Iran fires cyber police chief over blogger's death
DUBAI (Reuters) - The head of Tehran's cyber police unit has been dismissed over the death in custody of an Iranian blogger, police said on Saturday, in a case that has sparked international condemnation and led to Iranian calls for an official investigation.
Sattar Beheshti, a little-known 35-year-old blogger who was critical of the government, was arrested on October 30 after receiving death threats, and died some days later, after complaining he was tortured.
According to a statement posted on the website of Iran's police force on Saturday, the chief of Tehran's cyber police unit was fired for "failures and weaknesses in adequately supervising personnel under his supervision."

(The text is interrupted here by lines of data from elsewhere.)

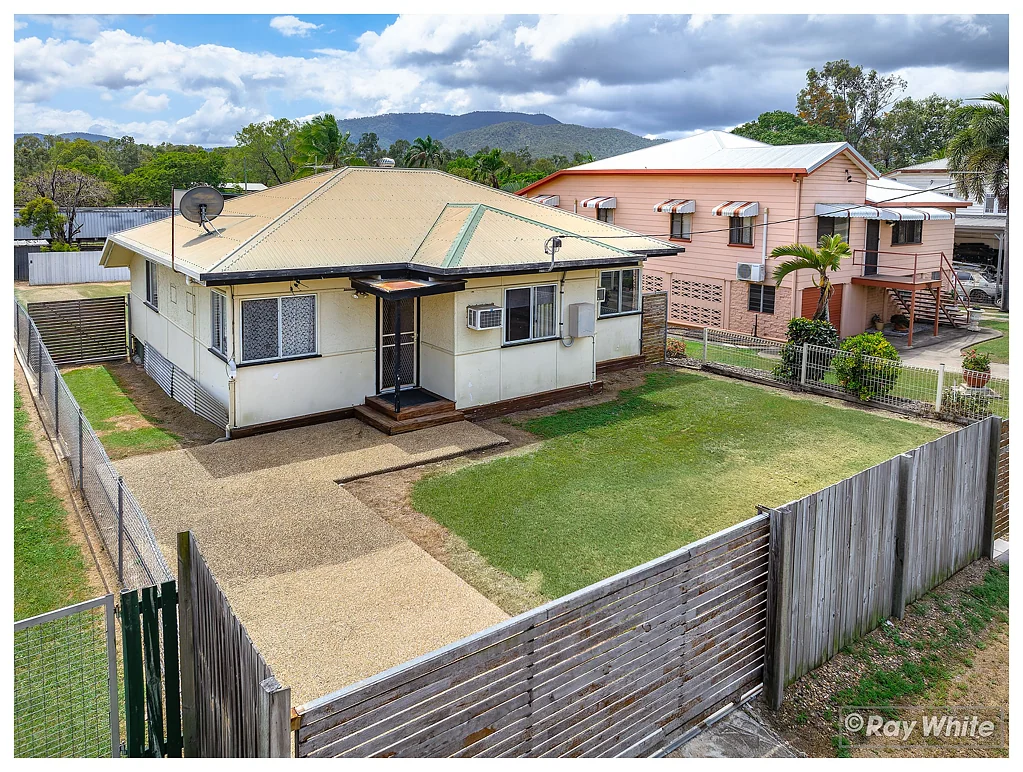 205 Lakes Creek Road, Berserker, QLD 4701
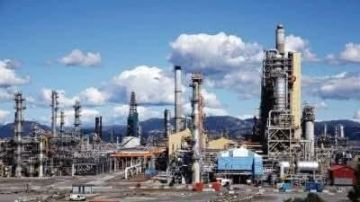 السورية للبترول : خطة لإغلاق مصفاة حمص واستبدالها بأخرى خارج المدينة السورية للبترول : خطة لإغلاق مصفاة حمص واستبدالها بأخرى خارج المدينة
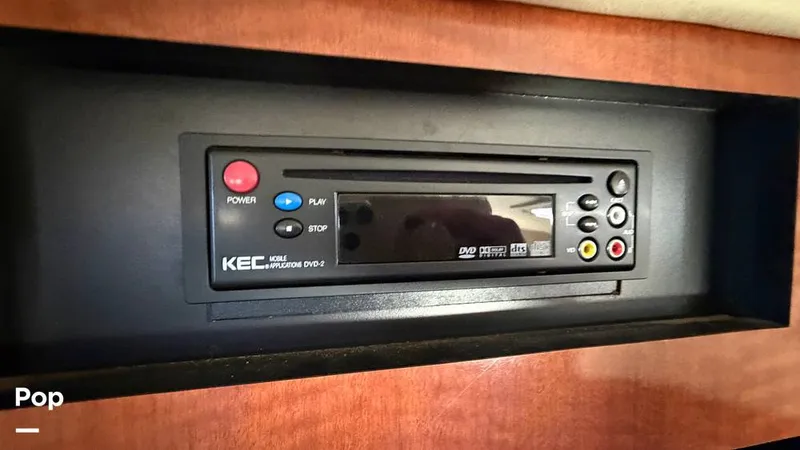 Slide: The Image of Sea Ray 320 Sundancer 2004 - 16108904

Iran's English-language Press TV and the semi-official Mehr news agency named him as Mohammad Hassan Shokrian.
Iran's parliament said last month it had formed a committee to examine the case, and the judiciary said it would deal "quickly and decisively" with those responsible.
Earlier this week, parliamentarian Mehdi Davatgari said the cyber police unit had illegally kept Beheshti in custody without a court order.
Iranian authorities have arrested seven people suspected of involvement in his death, and a judiciary official said a forensic examination had found bruises on five parts of the blogger's body.
Human rights group Amnesty International has said the blogger may have been tortured to death in custody, and has joined with European governments to urge Tehran to investigate.
The cyber police unit, known as FATA, was set up in 2011 following the disputed 2009 re-election of President Mahmoud Ahmadinejad that led to widespread protests by activists who in part used social networking websites to organise rallies.